Last updated May 2026
A typical dive starts on the coral plateau in 8-12 metres of water, working along the cap before edging seaward to the wall break around 18-20 metres. From there the profile becomes a drift along the wall face to roughly 30-35 metres for advanced groups, with most recreational divers turning back well before the 40-metre floor. The wall hosts sponge, hard coral, and soft coral. Pyjama chromodoris (Chromodoris quadricolor) and other nudibranchs sit in the shaded surfaces for slow macro work. Bigeye schools occupy deeper overhangs. Tuna and trevally pass along the wall edge, reef sharks cruise the drop-off, and turtles use the plateau between. Returning shallow for the safety stop puts you back on the cap with reef fish density that benefits from the lower visit frequency. Around 50-56 minutes is a normal dive at this profile. When jellyfish blooms are present, the safety stop becomes the busy part of the dive rather than the depths.

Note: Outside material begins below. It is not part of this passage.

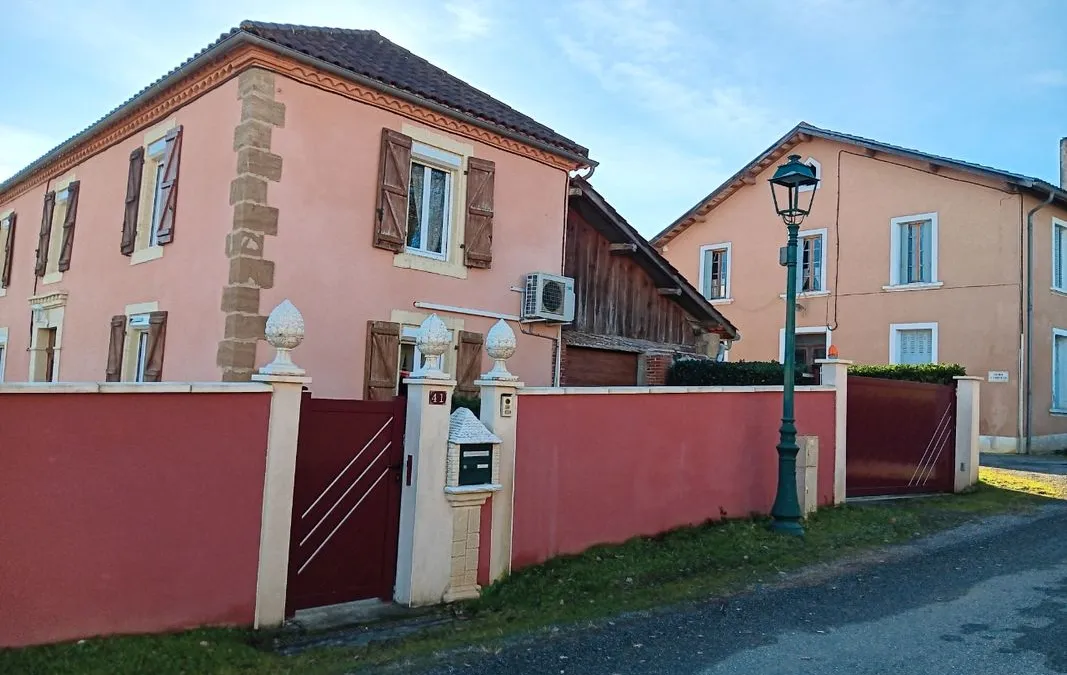Photo 1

El Malek reads as a secondary-route site in the Hurghada catalogue, and that is the point. It is not on the headline lists used to sell Hurghada to first-time visitors, which are Shaab El Erg, Abu Nuhas, and the Giannis D. Divers who end up here are on a second or third boat day from a Makadi Bay or Sahl Hasheesh base, and the corals show the difference: directory listings note them in good condition rather than worn down by repeat group traffic. The reason centres put El Malek on a rotation is the stacking of a beginner-accessible plateau with an honest wall to 40 metres on the same site. That lets a single boat carry a mixed-certification group, with trainees working reef macro on the plateau while advanced divers drift the wall edge. Pelagic encounters are a chance, not a guarantee. A 2016 trip report covering El Malek with neighbouring Ras Abdulla and Ras Disha drew an unprompted comparison to the Coral Sea on the Great Barrier Reef, which fits the pattern of a site that surprises divers who arrive without expectation.

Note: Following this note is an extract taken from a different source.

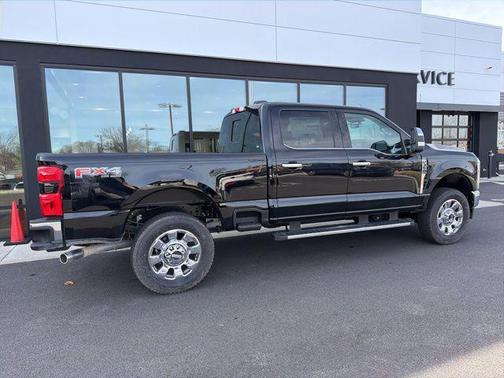 Agate Black Metallic 2026 Ford F-350 Lariat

The site is dived as a drift, so brief the entry and exit with your guide and carry a DSMB for the ascent. Boat traffic in the Makadi Bay-Sahl Hasheesh corridor is steady, which makes the SMB a non-optional habit rather than a contingency. Surface conditions sit most exposed from the north and northeast, with better shelter when the wind comes from the southwest. Visibility holds above 20 metres through the year and reaches 25-30 metres in the warm months. A 3mm suit is enough from May to September, and 5mm covers the winter water around 22-24 degrees. Jellyfish blooms appear on some dives and concentrate at safety-stop depth, so cover exposed skin when the boat reports them. No site-specific pricing is published, and Hurghada-area marine-park fees are usually folded into the trip cost. Confirm what is included when booking.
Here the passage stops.